> [ACTIVITY] The answer is to be an exact copy of the lines below running from the line with "Girl wearing a" down to the line with "Yacht Photos Pics", both ends included, and nothing more.

> [RECORDS FOR THE EXERCISE]
┌────────

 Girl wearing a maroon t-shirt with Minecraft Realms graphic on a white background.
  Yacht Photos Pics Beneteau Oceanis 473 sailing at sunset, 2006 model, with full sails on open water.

└────────
┌────────

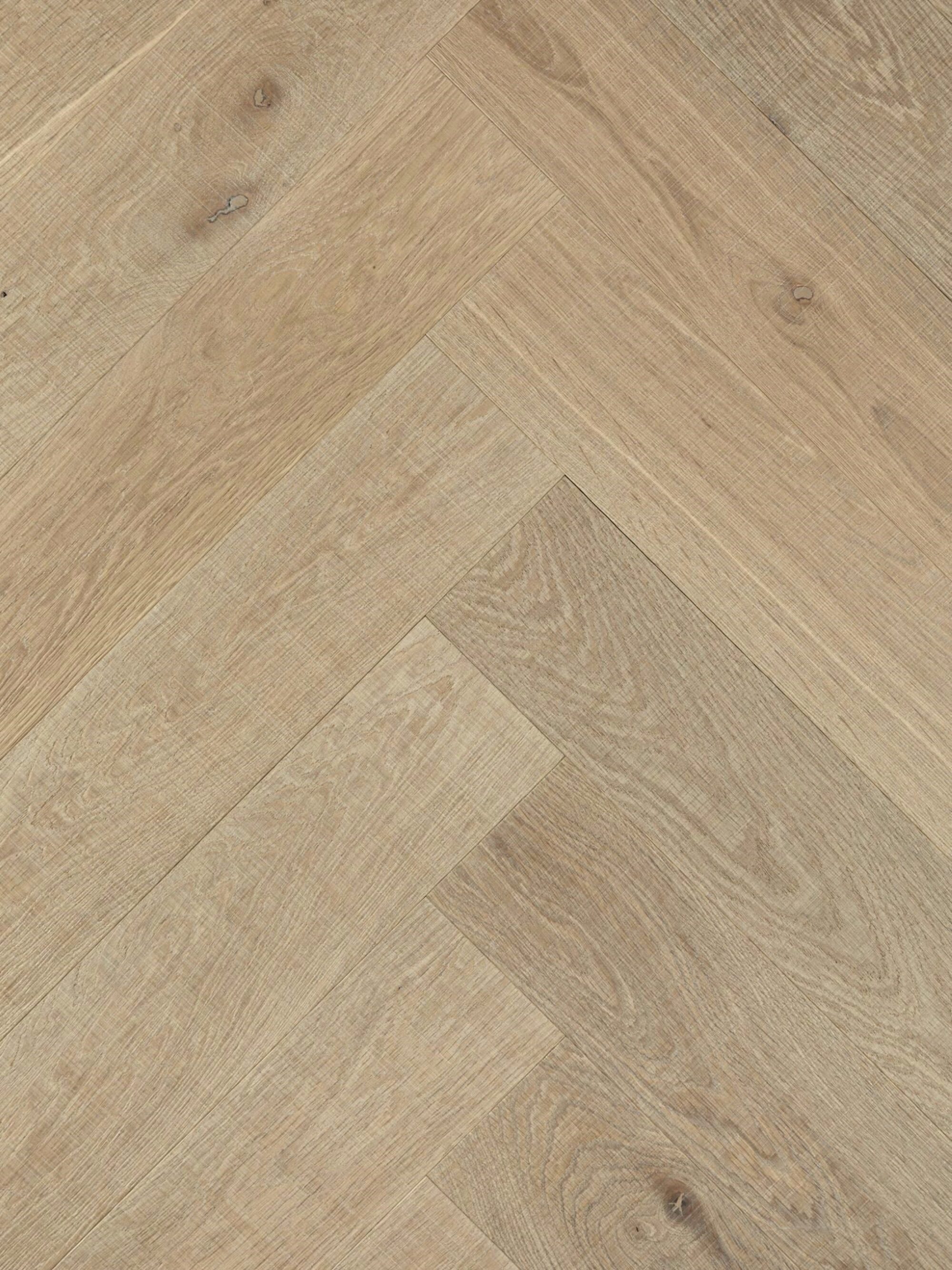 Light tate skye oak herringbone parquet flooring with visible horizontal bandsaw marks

└────────
┌────────

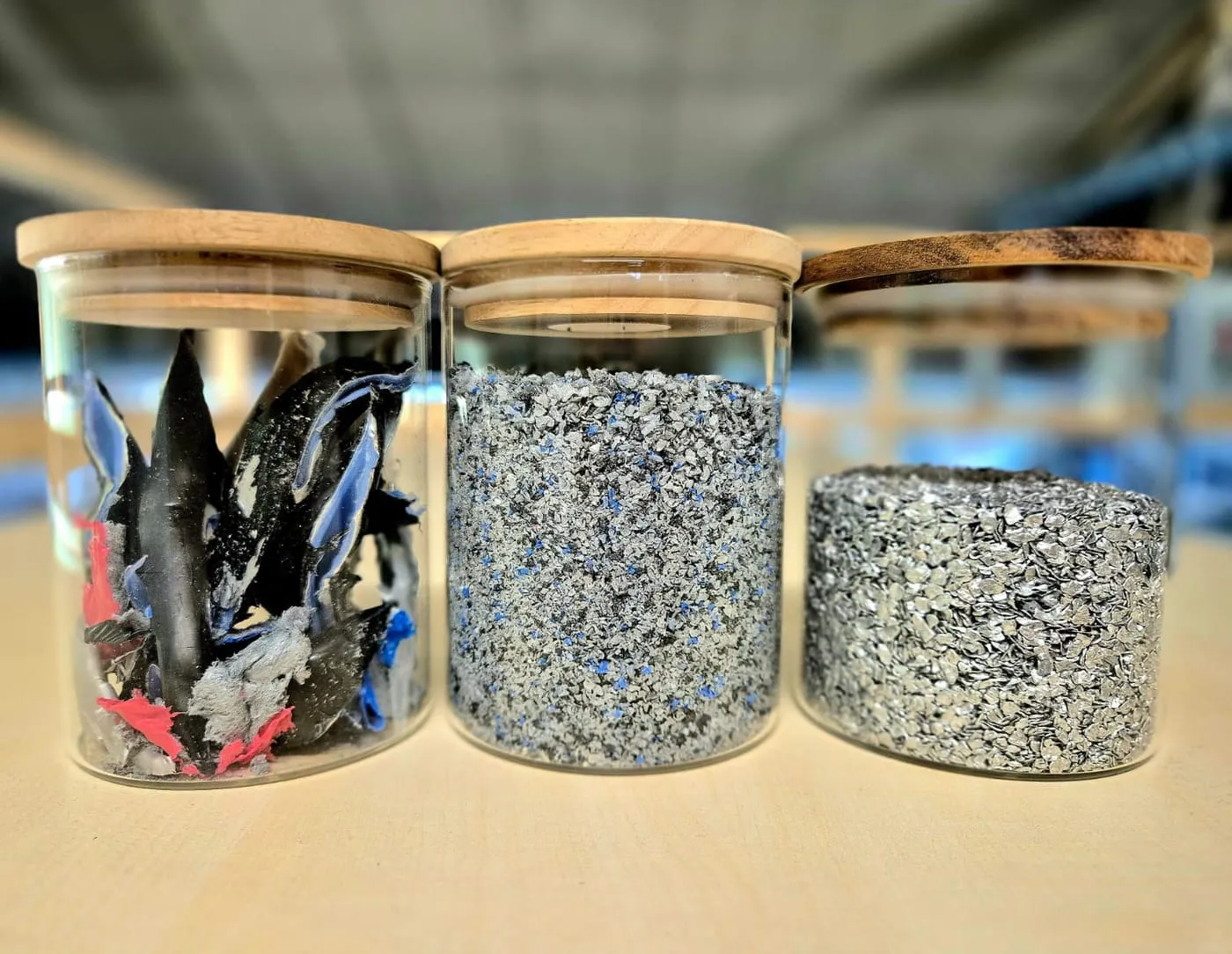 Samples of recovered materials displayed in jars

└────────

> [EXERCISE OUTPUT]
 Girl wearing a maroon t-shirt with Minecraft Realms graphic on a white background.
  Yacht Photos Pics Beneteau Oceanis 473 sailing at sunset, 2006 model, with full sails on open water.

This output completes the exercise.